#### WHAT YOU HAVE TO DO:
For this exercise, write out only the lines of the entries below from the one with "Anime picture 1417x1063" up to and including the one with "A white contoured", exactly as they are. Pictures stay out.

Web page caption snippets:
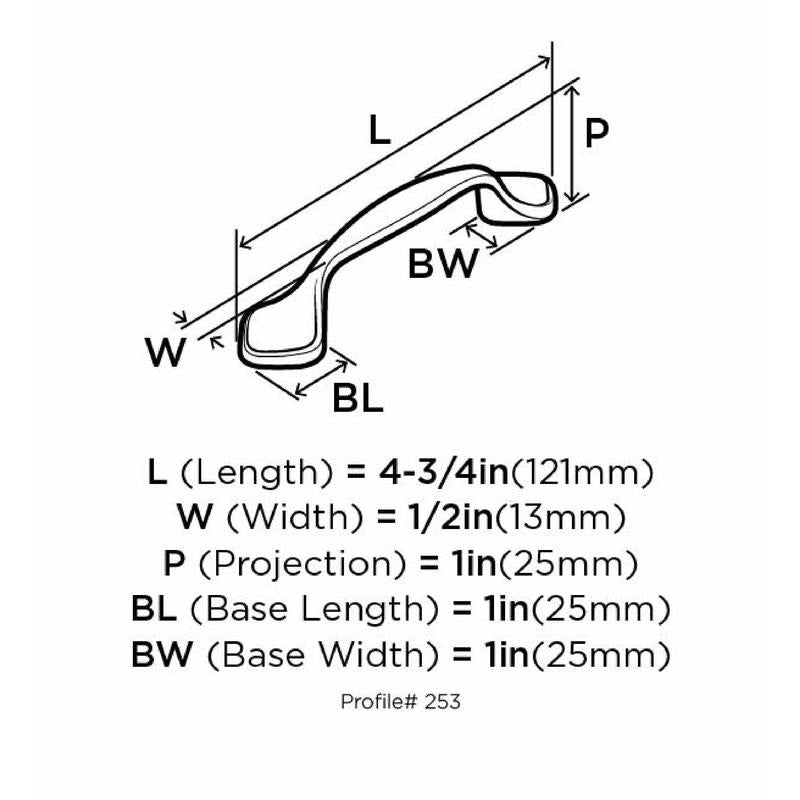 Technical drawing of the Amerock 253G10 with labeled dimensions on a white background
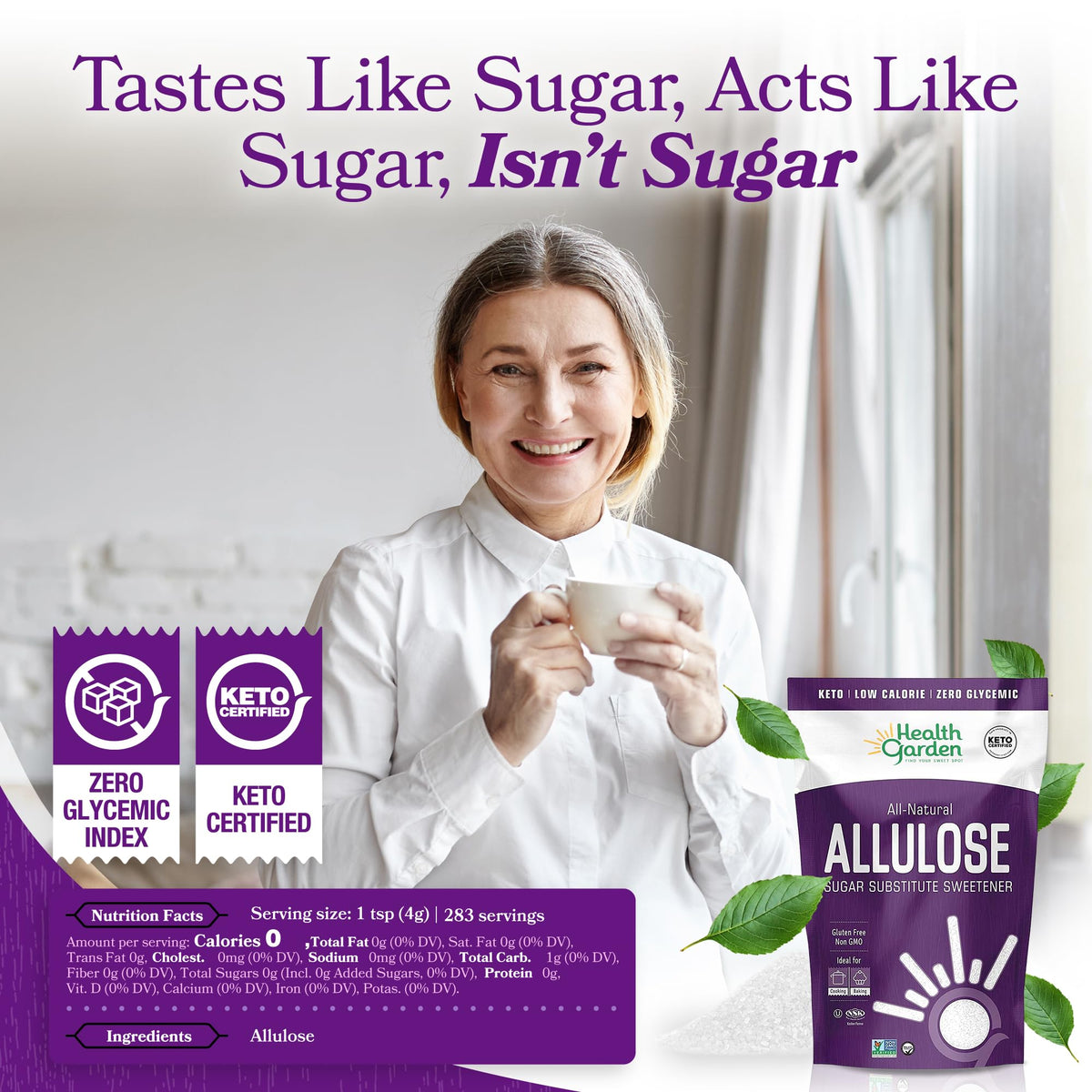 Health Garden Allulose Sweetener – 40oz Zero-Calorie Sugar Substitute for Keto & Baking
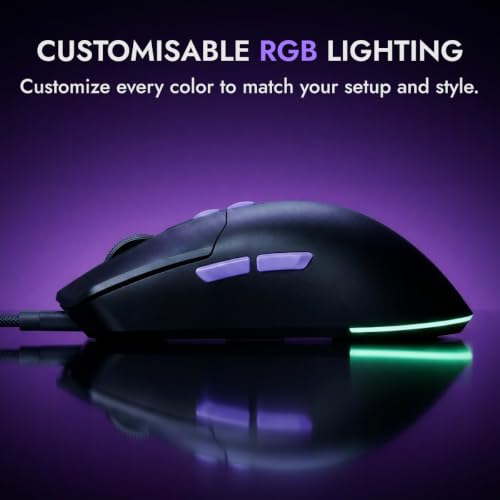 Image of Kreo Harpy Pro Wired Gaming Mouse, 60g Lightweight, Instant A926 Sensor, 16000 DPI, 1000Hz Polling, RGB 13 Modes, 7 Programmable Buttons, 1.6m Braided USB Cable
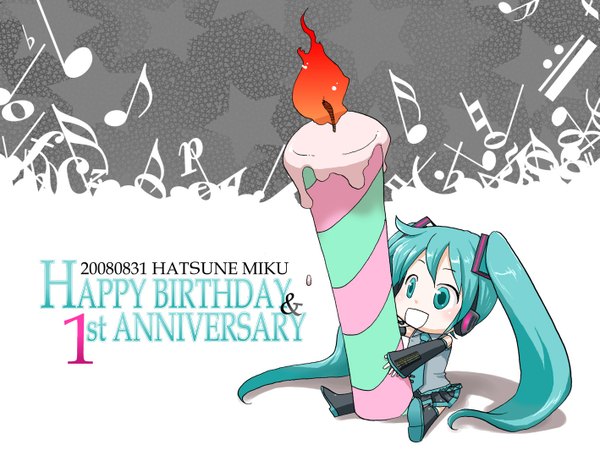 Anime picture 1417x1063 with vocaloid hatsune miku chibi girl candle (candles)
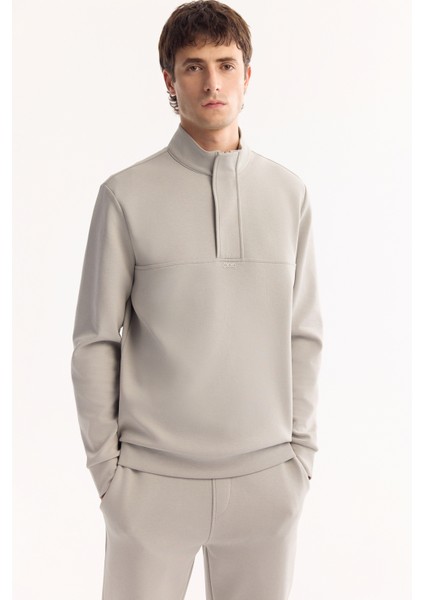 Erkek Gri Dik Yaka Fermuarlı Pamuklu Bi-Stretch Regular Fit Sweatshirt A52Y1282 indirimleri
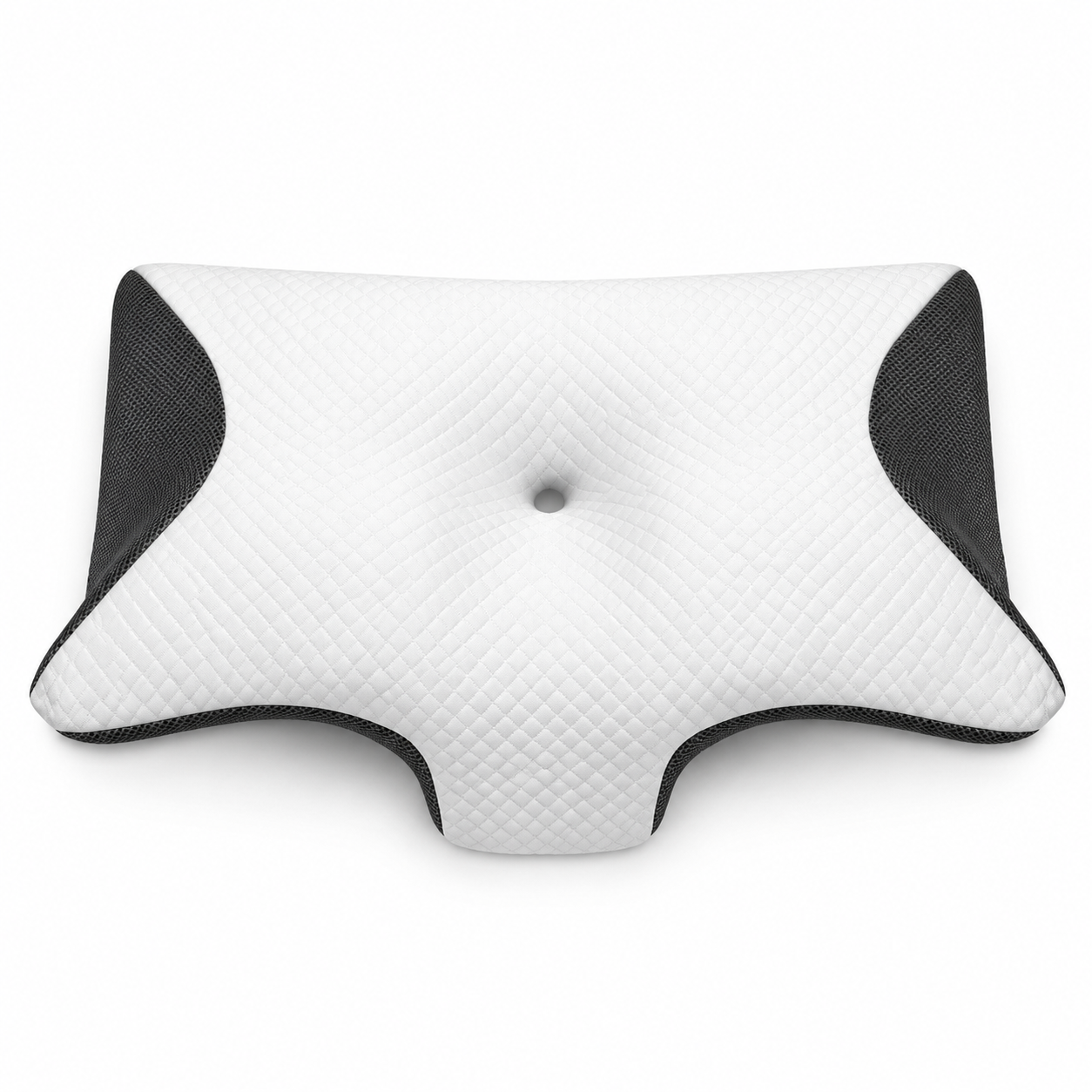 A white contoured neck pillow with black mesh side panels, featuring a diamond-quilted top surface and a central airway hole, shown on a plain white background.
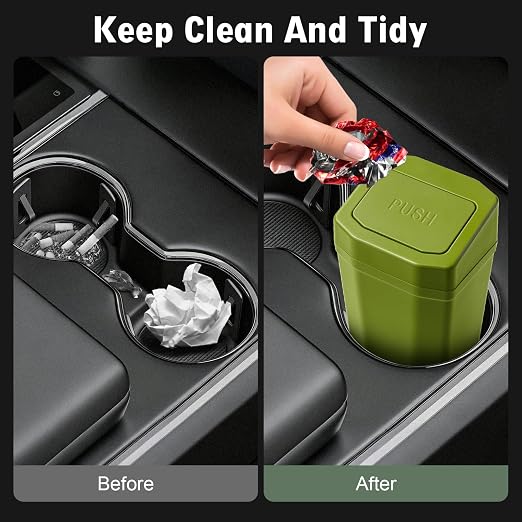 Car Trash Can with Lid - Mini Car Garbage Can Bin for Cup Holder - Green Small Leakproof Vehicle Trash Bin for Back Seat, Cute Automotive Accessories Organizers and Storage for Door SUV Truck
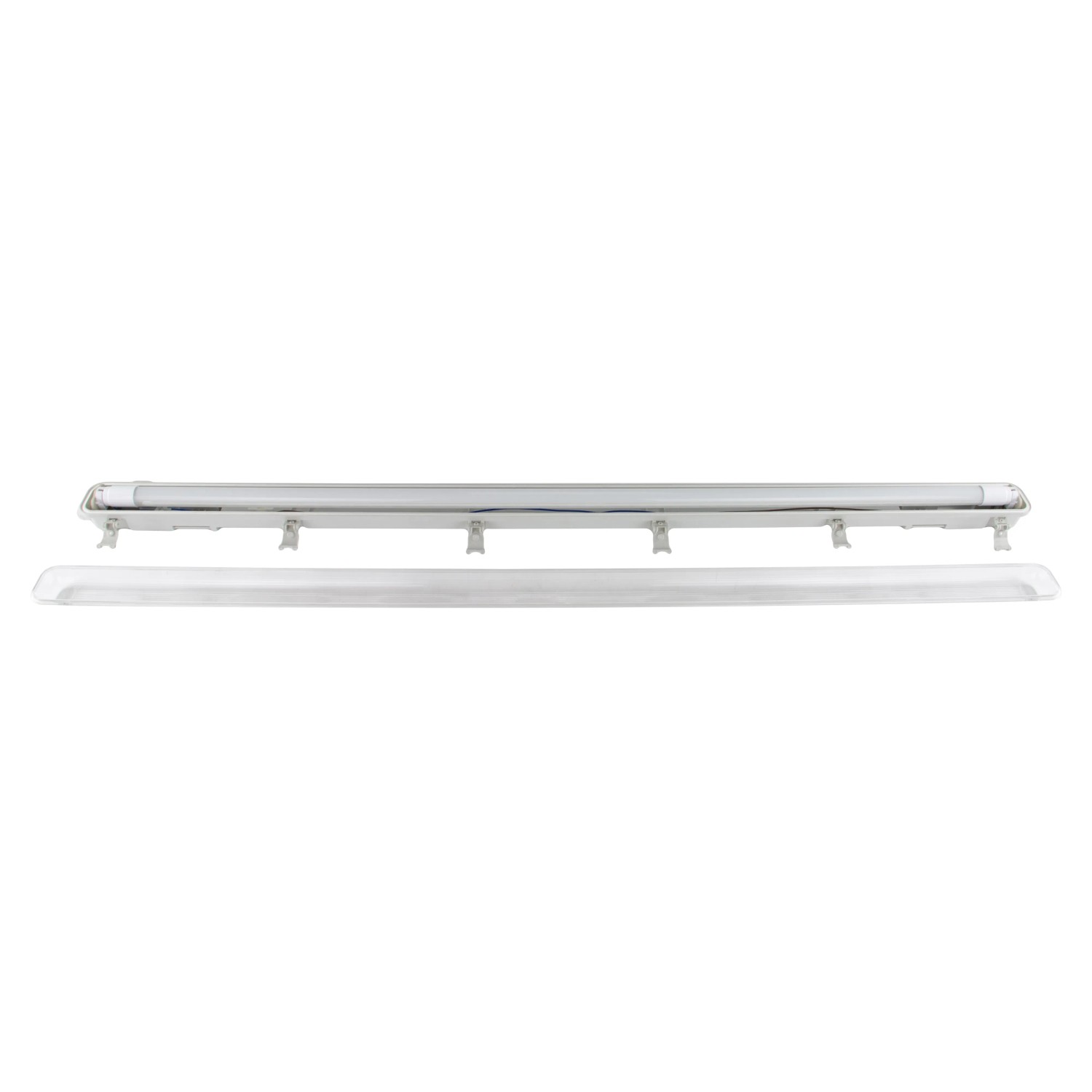 Graue REV Ritter LED-Deckenleuchte Omega Plus, eine Feuchtraumleuchte mit austauschbarer LED-Röhre.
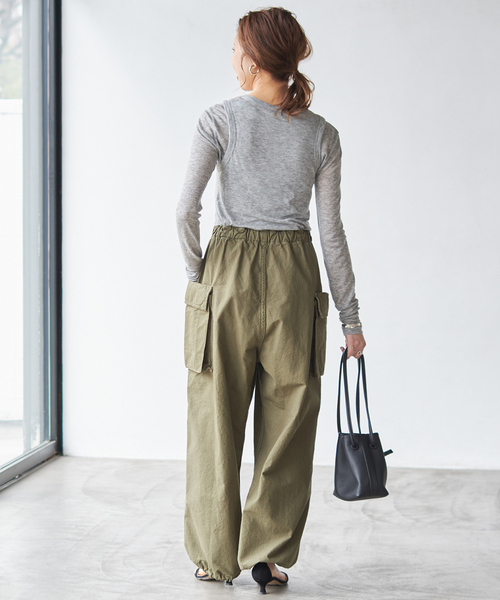 le（ル）の「【le / ル 】TENCEL LAYERED TOP（Tシャツ/カットソー・レディース・ホワイト/マルーン/グレー・FREE）」の6枚目の写真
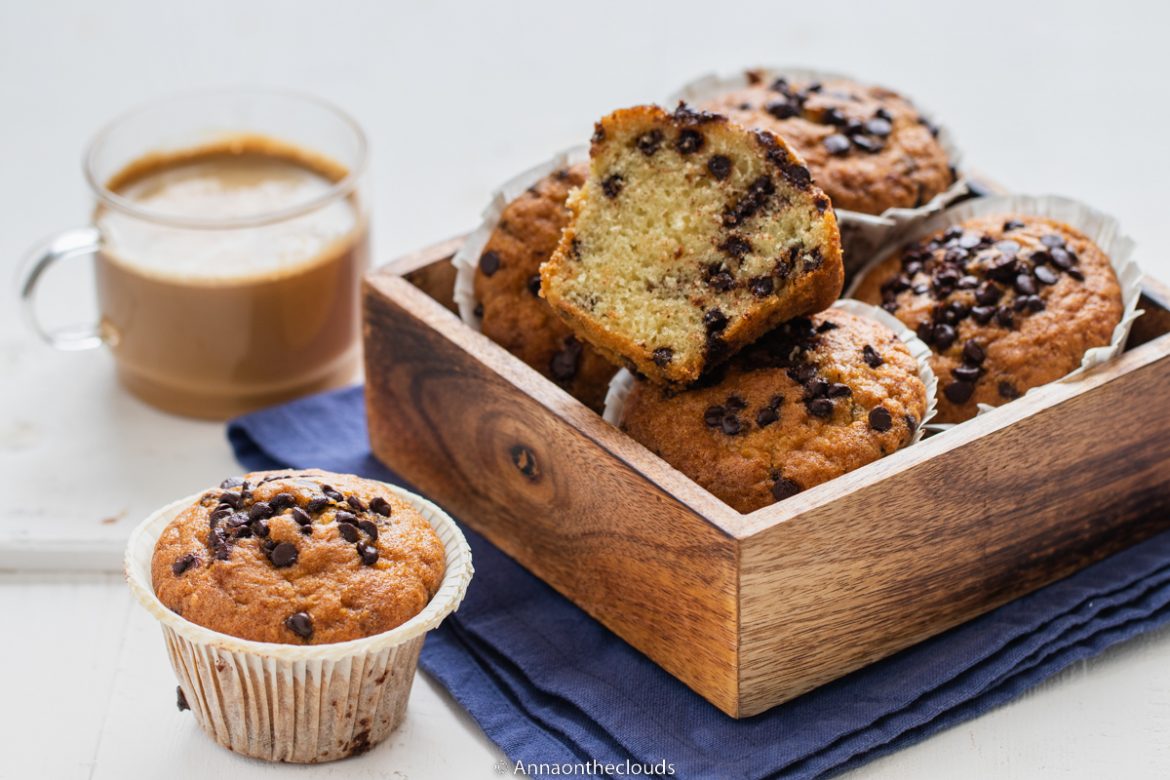 Muffin con gocce di cioccolato: senza burro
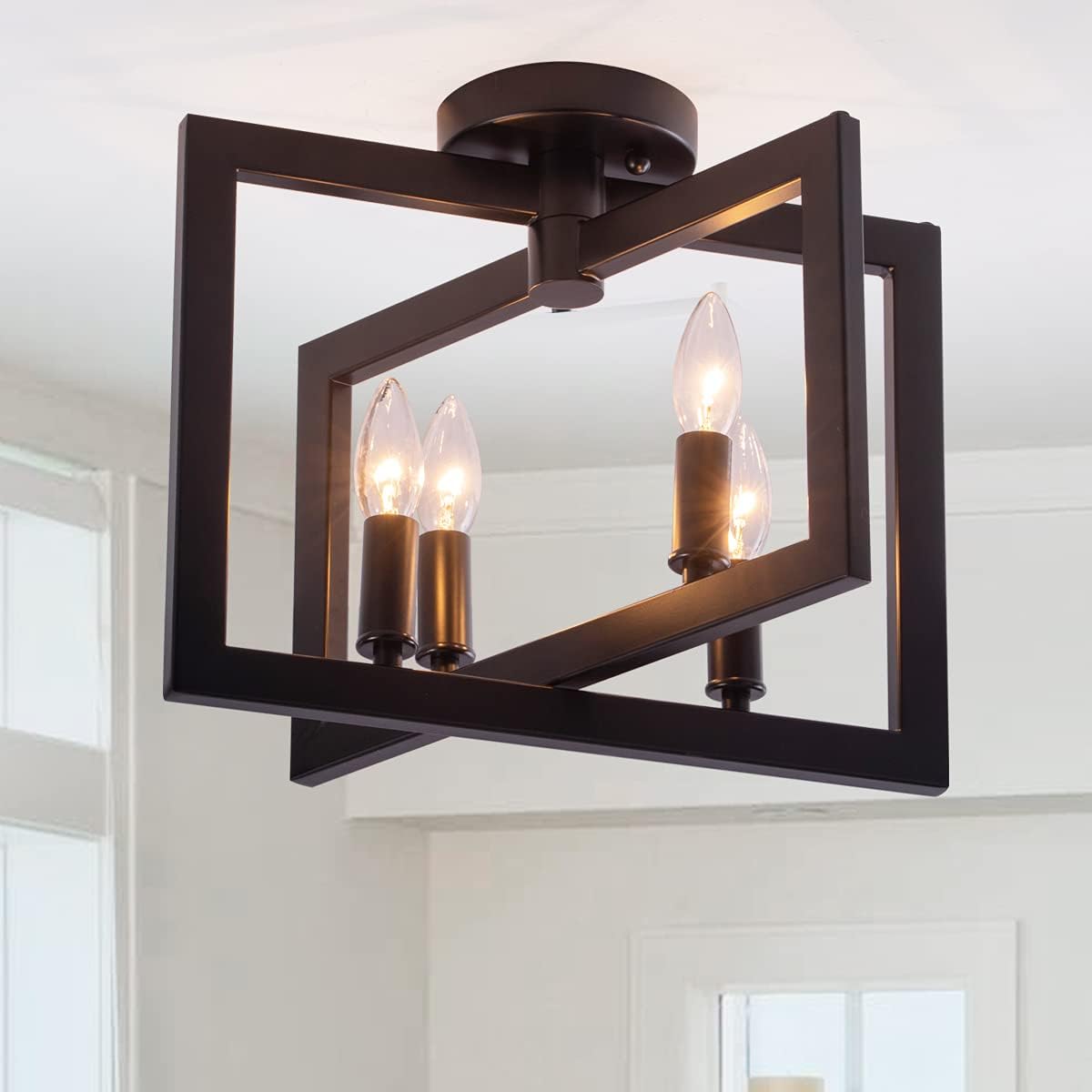 VILUXY Contemporary Geometric Flush Mount Ceiling Light Fixture with Black Shade for Hallway, Entryway, Passway, Dining Room, Bedroom, Balcony Living Room 4-Light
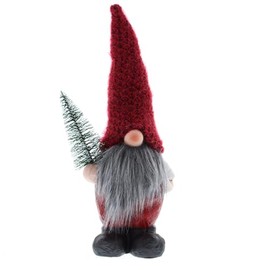 Christmas Freestanding Santa Gonk Nordic Gnome with Red Hat & Christmas Tree 21cm Tall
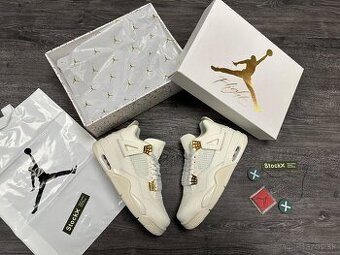 Air Jordan 4 Retro Gold And White tenisky full box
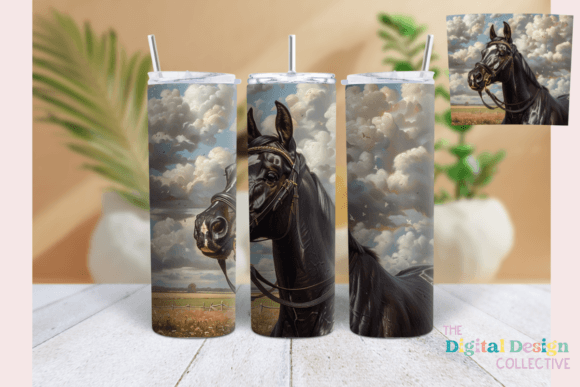 20oz Skinny Tumbler Wrap Painted Horse Graphics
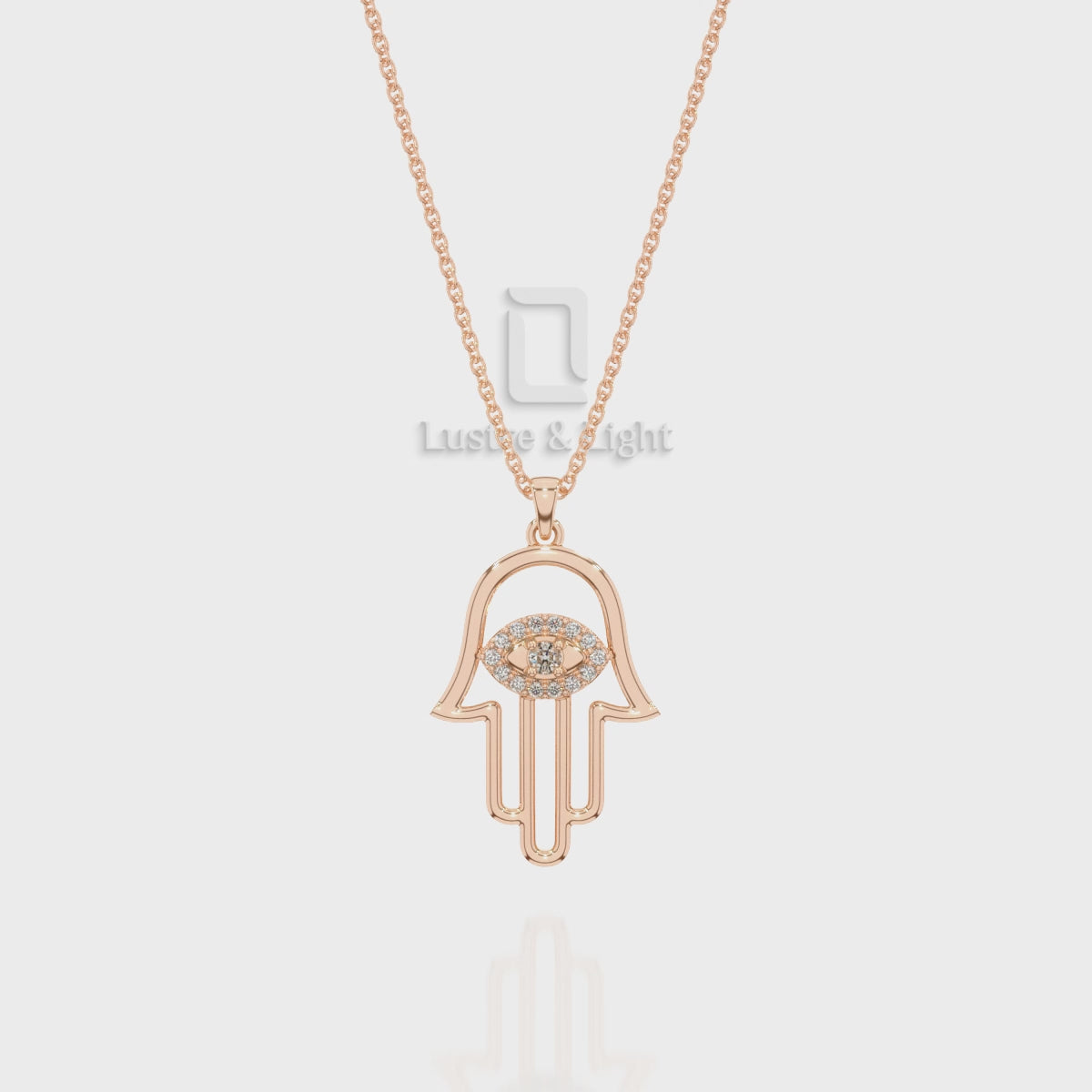 Natural Citrine Evil Eye Hamsa Hand Pendant Necklace 18" Chain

#### SOLUTION:
 Anime picture 1417x1063 with vocaloid hatsune miku chibi girl candle (candles)
 Erkek Gri Dik Yaka Fermuarlı Pamuklu Bi-Stretch Regular Fit Sweatshirt A52Y1282 indirimleri
 A white contoured neck pillow with black mesh side panels, featuring a diamond-quilted top surface and a central airway hole, shown on a plain white background.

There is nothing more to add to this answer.